Mayor Bill de Blasio has said he only believes in closing struggling schools as a last resort.

But Monday's announcement represents the largest group of schools to be closed in a single year since he took office.

Most of the schools are in the mayor's so-called renewal program, a controversial $600 million effort to give troubled schools extra help and three years to turn things around.

Now, time is up. But the chancellor said just 21 schools — less than a quarter of the original group — are successful enough to graduate out of the initiative.  46 schools will continue in the renewal program, with extra help and oversight.

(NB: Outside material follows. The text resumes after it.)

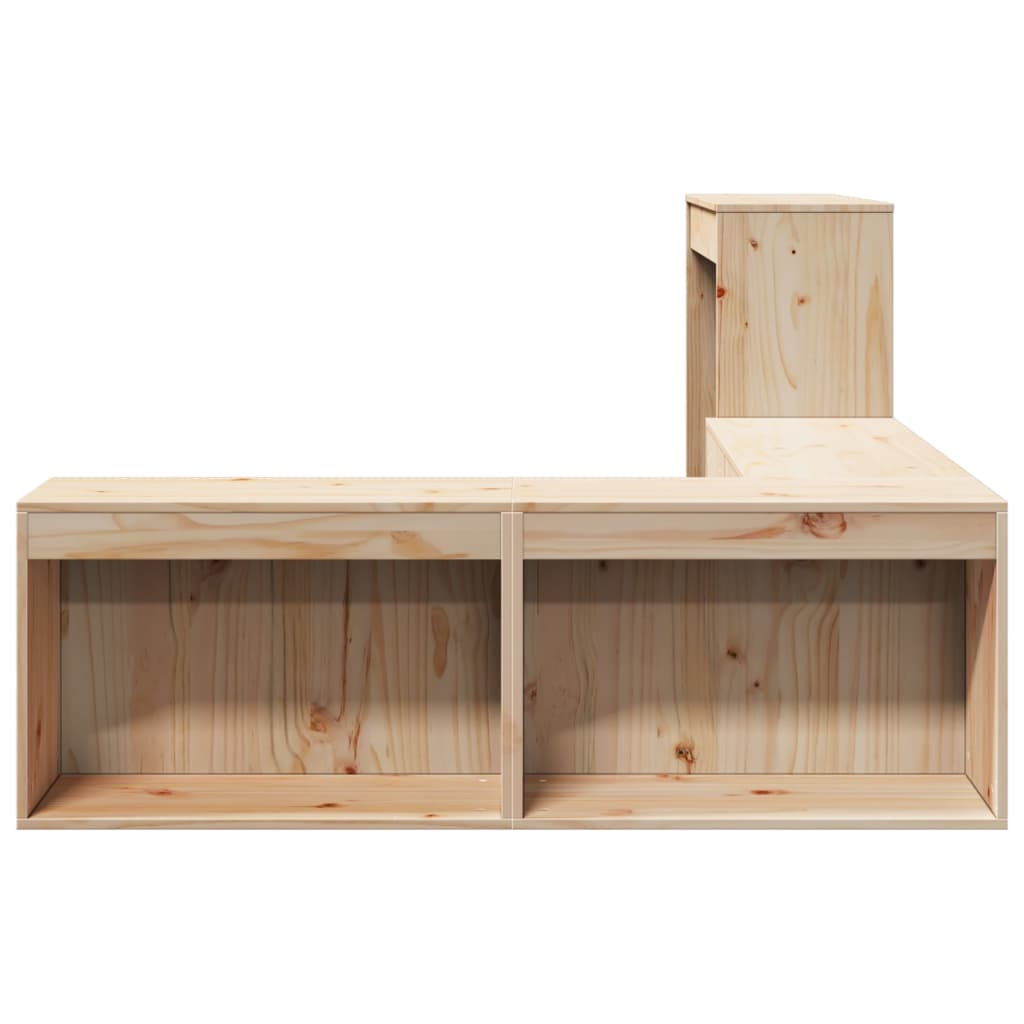 Nachtkastje Met Bureau Massief Grenenhout 232 x 122 x 75 cm Naturel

"The schools that will be in Year Four are schools that we feel need that extra year to show that next level of success," Fariña said.

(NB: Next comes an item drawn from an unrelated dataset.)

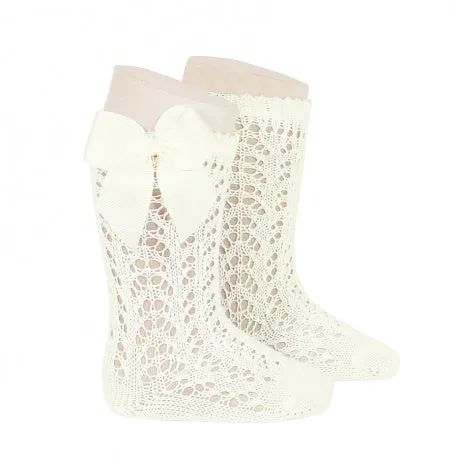 Condor Ivory Openwork knee high socks with bow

Five of the schools are not part of the program, including Urban Assembly School for Wildlife Conservation in the Bronx. In September, a student, 15-year-old Matthew McCree, was stabbed to death in a classroom in that school.

"Every time I go, there are other things that come to my attention," Fariña said. "First and foremost, that students are asking to leave and that the enrollment for next year was projected as first choice; no more than five children — students were applying."

The closures mean 4,500 students and 400 teachers will need to find a new school by September. The education department said it will have counselors available, and, for the first time, the administration plans to open several new schools to replace those being closed.

Fariña said the education department's decision came after thorough review and discussions.

Ultimately, she said it was the best step to help give kids the educations they deserve.

"In a city of 1,600-plus schools, there are always going to be struggling schools. Just the law of averages. It is how we rise to the occasion and how we handle these schools and we support them and how we hold ourselves accountable that is the real test of an educator," Fariña said.

Fariña also announced that nearly half of the remaining renewal schools will now become so-called Rise Schools at the end of the school year because they surpassed targeted benchmarks.

No new schools will be added to the renewal program, which critics say that suggests the initiative was not effective enough. The chancellor said other reforms are now in-place to help struggling schools, like more literacy coaches.

The city is required to hold hearings before an education panel, which is controlled by the mayor, votes on the closures. It is a process that will happen over the next two months.

McCree's mother, Louna Dennis, said she is against the closing of the Urban Assembly School for Wildlife Conservation because it does not address what she said is a larger problem.

"The issue is the administration that they have. They're going to close the school now and they're going to move them to a different school," Dennis said. "The problem still exists. They're untrained, they don't know how to deal with kids."

"What are they trying to do, cover up their tracks by closing the school?" Dennis added. "What, they're trying to sweep evidence under the rug?"

"This family calls upon the mayor to fire the chancellor. That's what has to be done," Sanford Rubenstein, the family's attorney, said outside the school. "Closing this school is not enough."